- Opening Delimiter -

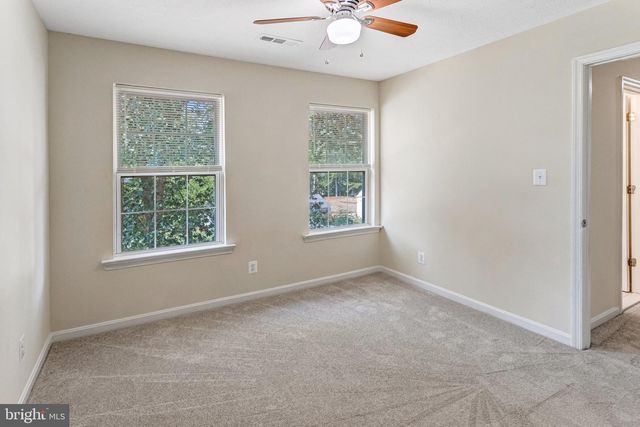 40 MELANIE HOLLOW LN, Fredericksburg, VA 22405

- Closing Delimiter -
- Opening Delimiter -

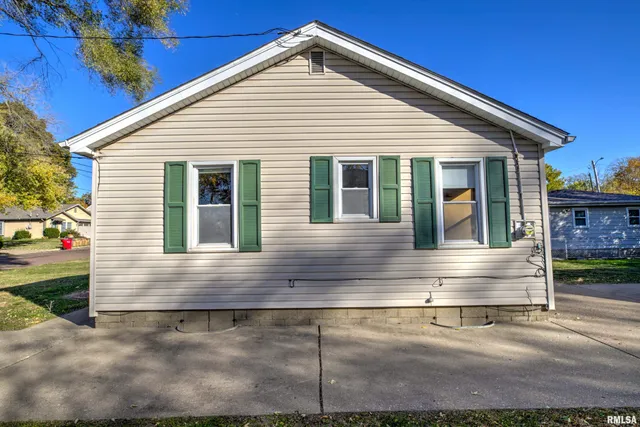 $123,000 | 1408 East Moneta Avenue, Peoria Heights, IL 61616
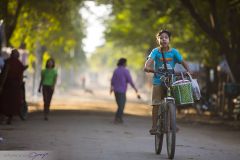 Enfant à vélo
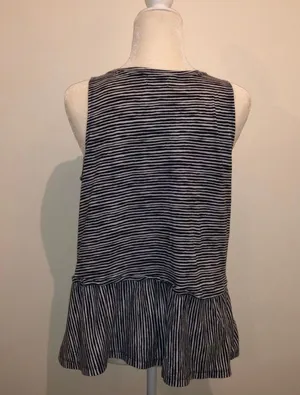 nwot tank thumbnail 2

- Closing Delimiter -

Exercise requirements: In the entries above, every line from the line with "Heights, IL 61616" to the line with "nwot tank thumbnail 2" is to be printed exactly, with both ends included and pictures excluded.

Output for this task:
 $123,000 | 1408 East Moneta Avenue, Peoria Heights, IL 61616
 Enfant à vélo
 nwot tank thumbnail 2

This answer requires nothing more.